Canada’s estimates of its defence spending as a proportion of GDP often end up being scaled back once actual figures are available. Mr. Perry said that is a result of those procurement problems, which push cash outlays into future years.
Parliamentary Budget Officer Yves Giroux has said Ottawa’s record of persistent procurement delays raises doubt about the feasibility of a quick buildup in response to the Russia-Ukraine war. A recent report from the PBO found that, from 2017-18 to 2020-21, there was a cumulative shortfall of nearly $10-billion between the Defence Department’s planned capital spending and what was actually spent.
The Globe and Mail reported last week that plans to establish a military refuelling facility in Canada’s High Arctic, already repeatedly delayed, have once again fallen behind schedule. The Defence Department said the Nanisivik Naval Facility will not be operational until 2023 – 16 years after it was first announced.
The Liberals now appear ready to proceed on many long-delayed spending decisions, including the move to purchase F-35s – which is the outcome of a procurement process that can be traced back to 2010.
Another big-ticket announcement likely to be folded into the next budget is a suite of spending measures to replace the antiquated North Warning System, a chain of jointly operated U.S. and Canadian radar stations that includes dozens of sites from Yukon to Labrador. Its job is to detect airborne threats – originally long-range bombers. Those threats have multiplied now that Canada’s adversaries have hypersonic missiles that can fly at five times the speed of sound and change course mid-flight.

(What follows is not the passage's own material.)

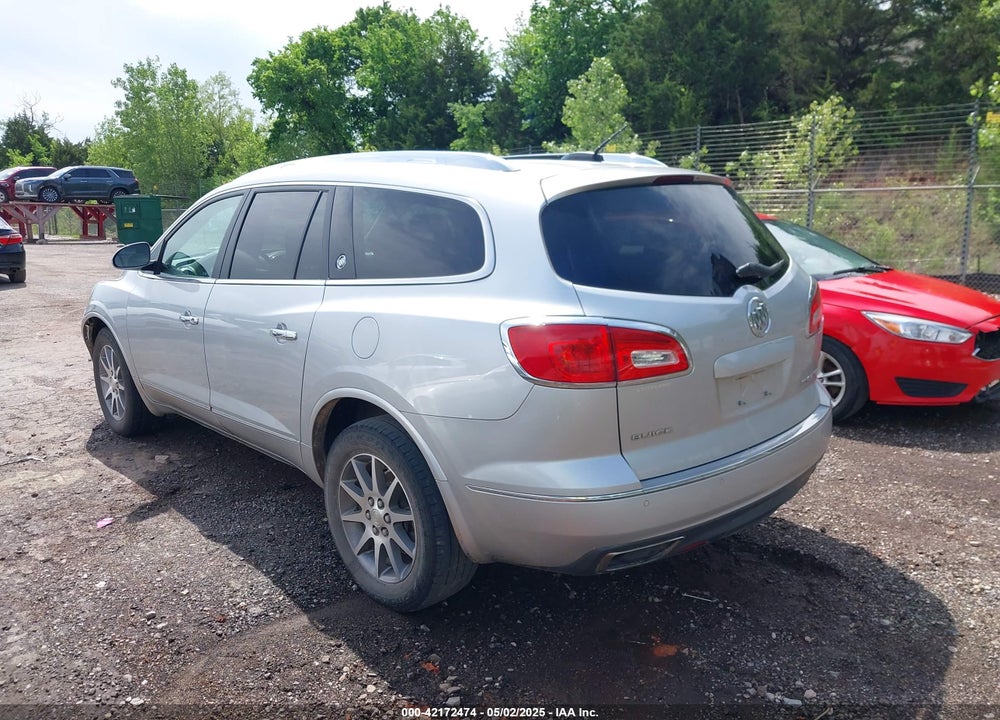 2017 BUICK ENCLAVE VIN: 5GAKRAKD5HJ233142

But even as Canada looks to boost investment, defence analysts say the country isn’t effective at spending its existing military budget.
Part of the problem is the military’s desire to “Canadian-ize” big-ticket items. Because Canada can’t afford to buy several types of equipment to serve different purposes, the military pushes to add multiple functions to whatever it purchases.

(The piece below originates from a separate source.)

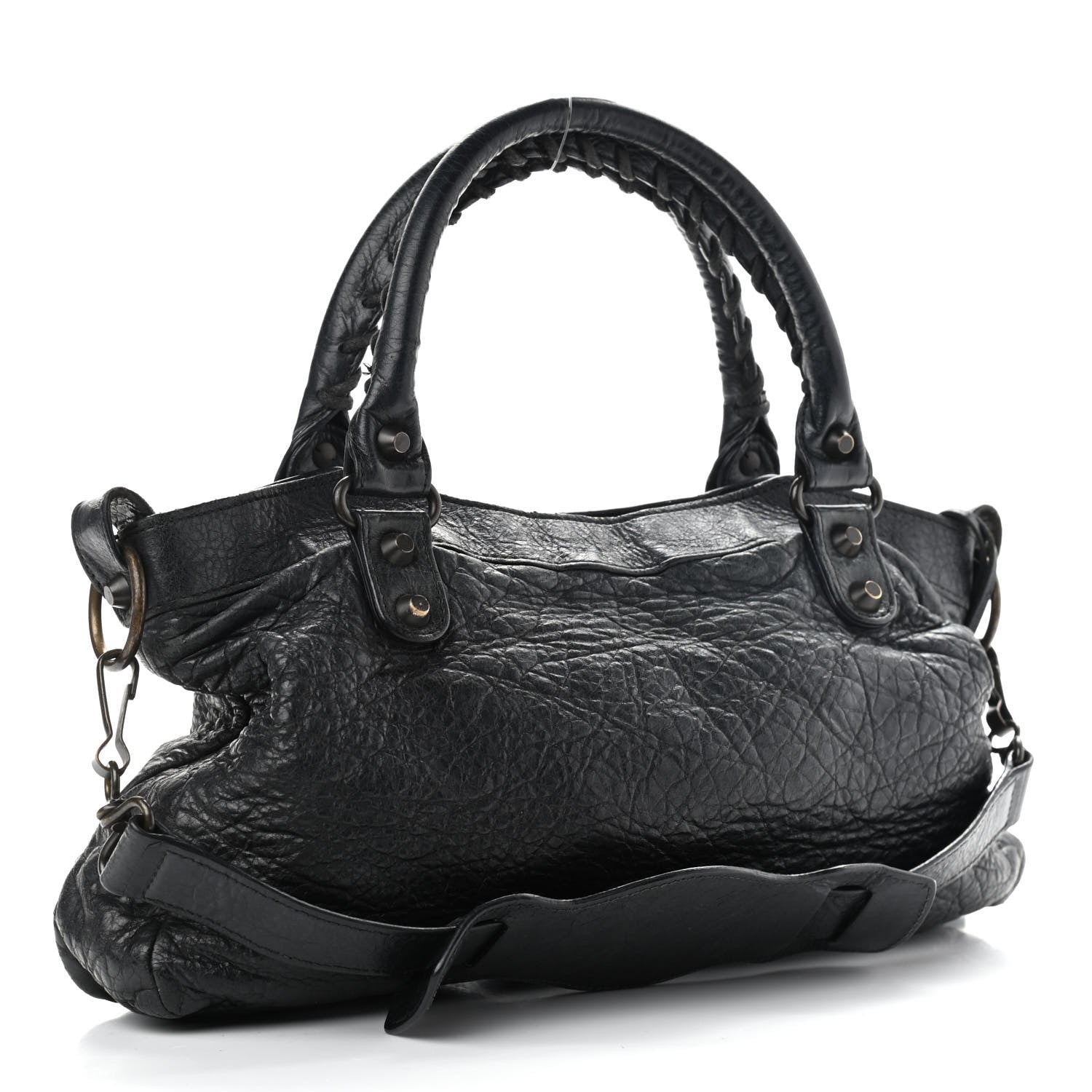 Balenciaga Agneau Classic Hardware First Black 3 of 19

For instance, a 2006 plan to spend $2-billion on 15 Chinook battlefield helicopters ballooned to nearly $5-billion by 2009, in a deal that was criticized at the time by Canada’s auditor-general.
Mr. Perry said Canada is still recovering from a “decade of darkness,” from 1989 to the mid-2000s, when military budgets were effectively flat or declining. This coincided with the end of the Cold War and massive deficit reduction measures that began in the 1990s under then-finance minister Paul Martin.
Now, he said, the government is overwhelmed with the volume of big-ticket items it must replace, including warships and fighter jets. “If you do no maintenance on your house for 15 years at all, and then you start doing maintenance, you’ve got to fix a tonne of stuff at once,” he added.
Any effort to ramp up military spending will need to overcome not just logistical hurdles but political ones as well.
James Fergusson, deputy director of the Centre for Defence and Security Studies at the University of Manitoba, said he believes governments receive no political benefit from increasing spending on defence and experience no political fallout from reducing spending.
There is an underlying isolationist sentiment in Canada, he said, and security threats are an abstraction for most people in our “fairly benign part of the world.” The general assumption is that the United States would rush to our defence in any crisis, he added.
“In this context, the question becomes … what is the minimum we need to pay to ensure we have some influence with American decisions about defending North America?”
Prof. Fergusson thinks Russia has changed Ottawa’s attitude toward defence spending.
What remains to be seen is how much of a difference this makes in the military budget come Thursday.